### Problem description
Pictures are not part of the answer. Return the lines from the one containing "2 hours ahead" through the end of the data, both included, exactly as they appear.

### Records for this exercise
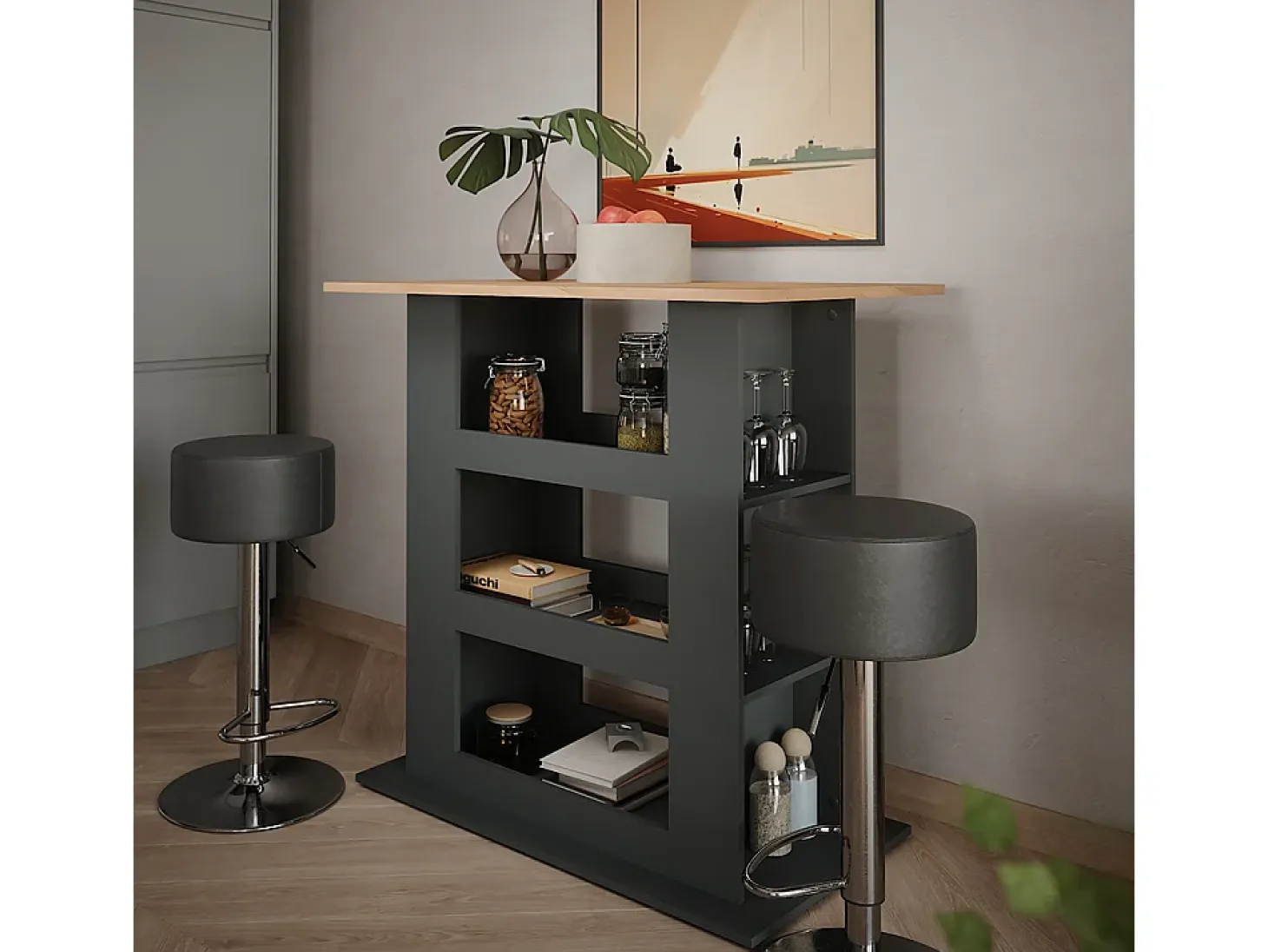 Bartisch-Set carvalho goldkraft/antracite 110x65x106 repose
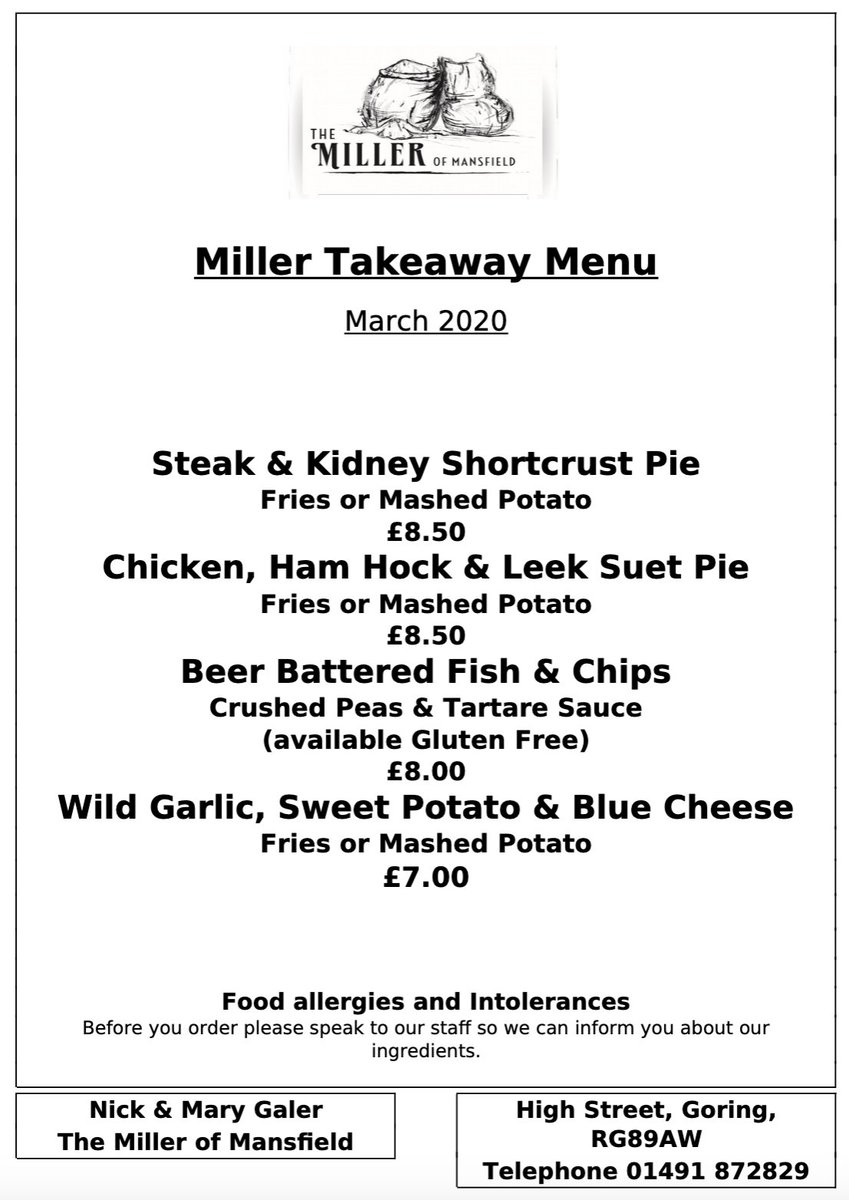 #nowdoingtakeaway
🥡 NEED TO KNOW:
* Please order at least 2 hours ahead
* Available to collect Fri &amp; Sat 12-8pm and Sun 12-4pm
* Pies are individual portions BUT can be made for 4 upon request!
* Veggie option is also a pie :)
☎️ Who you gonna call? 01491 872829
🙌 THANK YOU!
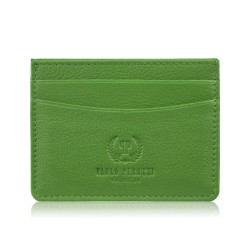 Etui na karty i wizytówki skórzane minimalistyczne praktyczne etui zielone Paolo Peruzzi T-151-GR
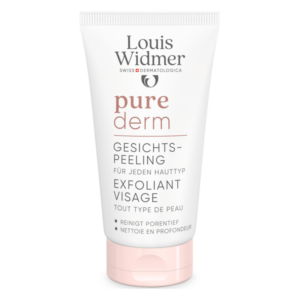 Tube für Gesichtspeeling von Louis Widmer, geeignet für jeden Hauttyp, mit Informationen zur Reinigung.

### Response to the exercise
* Please order at least 2 hours ahead
* Available to collect Fri &amp; Sat 12-8pm and Sun 12-4pm
* Pies are individual portions BUT can be made for 4 upon request!
* Veggie option is also a pie :)
☎️ Who you gonna call? 01491 872829
🙌 THANK YOU!
 Etui na karty i wizytówki skórzane minimalistyczne praktyczne etui zielone Paolo Peruzzi T-151-GR
 Tube für Gesichtspeeling von Louis Widmer, geeignet für jeden Hauttyp, mit Informationen zur Reinigung.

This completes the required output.